Since then, Brixlegg and Vorderthiersee in Tyrol and Horice na Sumave, near Cesky Krumlov in the Czech Republic, and above all, the Oberammergau in Upper Bavaria attract thousands to their plays.

The text of the play of Vorderthiersee (Gespiel in der Vorderen Thiersee) dates from the second half of the seventeenth century, is entirely in verse, and comprises in five acts the events recorded in the Gospel, from the Last Supper to the Entombment. A prelude (Vorgespiel), on the Good Shepherd, precedes the play. After being repeatedly remodelled, the text received its present classical form from the Austrian Benedictine, P. Weissenhofer. Productions of the play, which came from Bavaria to the Tyrol in the second half of the eighteenth century, were arranged at irregular intervals during the first half of the nineteenth century; since 1855 they have taken place at regular intervals, at Brixlegg every ten years. The Höritz Passion Play, the present text of which is from the pen of Provost Landsteiner, has been produced every five years, since 1893.

==Modern performances of the Passion Play==

=== Belgium ===
In belgium, there are four Passions play.

The Passion Play of Ligny, founded in 1925 by the Abbey Mailleux, is made every year.

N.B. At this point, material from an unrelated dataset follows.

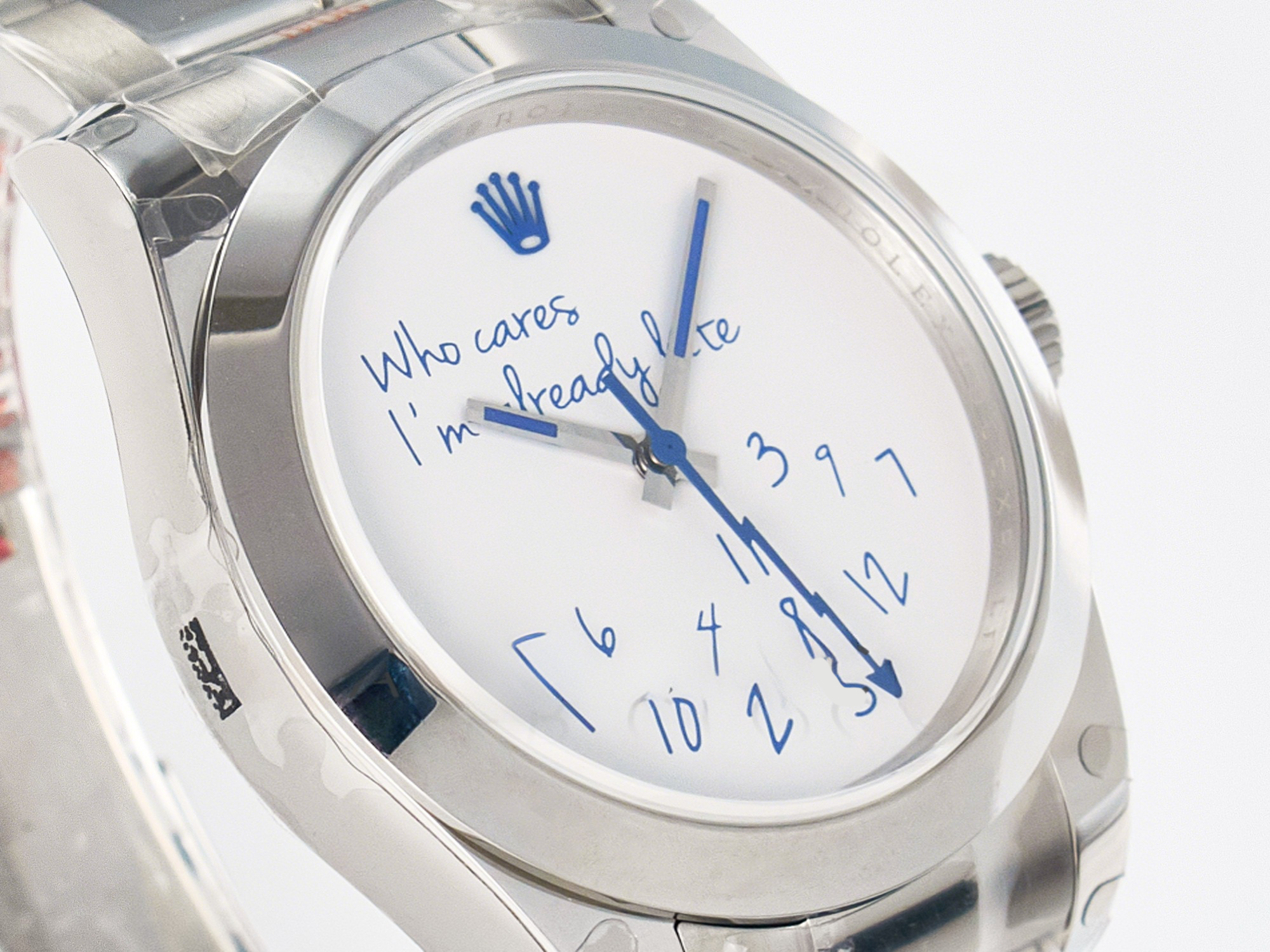 Rolex Milgauss Who Cares JDF 1:1 Best Edition 904L Steel on SS Bracelet VR3131-fasswatch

- The Passion of Sibret, in the Belgian Ardenne.
- The Passion Play of Kelmis
- The Passion Play of Schönberg

===Australia===
In Australia, several major productions of The Passion are staged annually during the lead up to Easter.
- The Iona Passion Play was founded in 1958 in Queensland, and tours cities and towns around Australia. In each location the touring cast invites community members to join the production.
- The Moogerah Passion Play, established in 1993, is produced annually, at Easter time, in Queensland. It is staged "realistically" at The Lake Theatre, a large, purpose built, lakeside theatre designed specifically for the Moogerah Passion Play. Contemporary versions of the play endeavour to use different Bibles to convey messages to the audience every year.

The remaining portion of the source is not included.